I read a lot about people who have unmitigated success with games like Lord of the Rings, who espouse their chosen strategy as The One etc, but I often wonder how many games they’ve actually abandoned before the first turn is over, because their opening hand (and mulligan) didn’t contain those key cards. Personally, I never mulligan in card games – maybe it’s something I should start thinking about…
Returning to the X-Wing example, the upgrades I was loaned for Soontir Fel were clearly designed to do some pretty awesome strategy, but that guy was shot out of the sky on the second turn due to poor dice rolling on my part. Dice hate me anyway, of course, but that’s by-the-by. There was a look of some horror as my fighter ace was shot out right from under me, almost like I had betrayed that upgrade combo I’d been given. Or worse, that I just didn’t get the game enough to play it properly. Whatever. I actually had more fun playing with my Obsidian Squadron Pilot than I did with that strategically-perfect Fel, because it gave me the chance for some role-playing, as I told the story of a pilot, fresh from the academy (so he remembered all of the lessons because they were still fresh), wanting to make a name for himself by flying alongside the legendary Fel but, when he was shot down, decided to go out for revenge and show that he was a legitimate part of the Empire’s finest. He rolled those three crits on his first attack after going in for revenge, which really just fueled the story.

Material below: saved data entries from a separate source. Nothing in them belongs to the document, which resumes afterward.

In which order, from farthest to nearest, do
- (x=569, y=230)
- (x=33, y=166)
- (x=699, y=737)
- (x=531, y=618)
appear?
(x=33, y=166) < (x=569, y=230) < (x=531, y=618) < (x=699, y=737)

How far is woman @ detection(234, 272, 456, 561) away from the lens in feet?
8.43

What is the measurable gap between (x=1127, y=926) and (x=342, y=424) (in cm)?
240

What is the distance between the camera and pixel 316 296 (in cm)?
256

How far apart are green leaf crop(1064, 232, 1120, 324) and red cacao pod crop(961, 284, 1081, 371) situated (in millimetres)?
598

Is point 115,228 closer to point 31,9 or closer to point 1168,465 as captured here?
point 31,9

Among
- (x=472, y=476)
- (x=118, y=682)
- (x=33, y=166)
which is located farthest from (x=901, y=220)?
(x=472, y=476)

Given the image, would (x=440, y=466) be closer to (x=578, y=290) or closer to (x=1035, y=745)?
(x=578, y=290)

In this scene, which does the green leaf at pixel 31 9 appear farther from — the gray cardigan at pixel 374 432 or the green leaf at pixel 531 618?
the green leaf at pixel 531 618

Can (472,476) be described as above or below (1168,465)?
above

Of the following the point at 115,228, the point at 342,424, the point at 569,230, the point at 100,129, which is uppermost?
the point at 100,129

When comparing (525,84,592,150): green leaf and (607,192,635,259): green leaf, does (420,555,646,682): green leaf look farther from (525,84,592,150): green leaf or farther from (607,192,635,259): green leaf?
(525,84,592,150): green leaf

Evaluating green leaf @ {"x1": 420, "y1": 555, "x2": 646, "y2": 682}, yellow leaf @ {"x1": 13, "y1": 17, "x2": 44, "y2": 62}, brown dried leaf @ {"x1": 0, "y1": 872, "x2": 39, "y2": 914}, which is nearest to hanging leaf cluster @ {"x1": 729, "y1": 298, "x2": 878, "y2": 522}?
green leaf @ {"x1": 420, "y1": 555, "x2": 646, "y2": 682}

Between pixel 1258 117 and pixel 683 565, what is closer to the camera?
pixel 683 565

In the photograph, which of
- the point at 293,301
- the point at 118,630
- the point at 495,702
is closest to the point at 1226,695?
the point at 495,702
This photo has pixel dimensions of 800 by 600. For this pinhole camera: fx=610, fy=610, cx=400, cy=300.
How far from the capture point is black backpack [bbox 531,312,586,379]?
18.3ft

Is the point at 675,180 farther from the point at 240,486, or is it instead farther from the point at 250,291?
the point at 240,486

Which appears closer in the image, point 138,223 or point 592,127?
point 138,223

But you know what? When the game was over, the one thing we were all talking about was how that nameless pilot managed to survive for round after round, trying to avenge Fel – not the wonderful upgrade combo that should have let Fel last longer than just two rounds.
This is why I’m not interested in power-gaming. This is why I will always play the theme decks over the power decks. The opportunity to create epic storytelling adventures will always appeal to me over the opportunity to win. I may not be classed as a serious gamer, but I definitely have fun with these things. And I think my opponents do, too.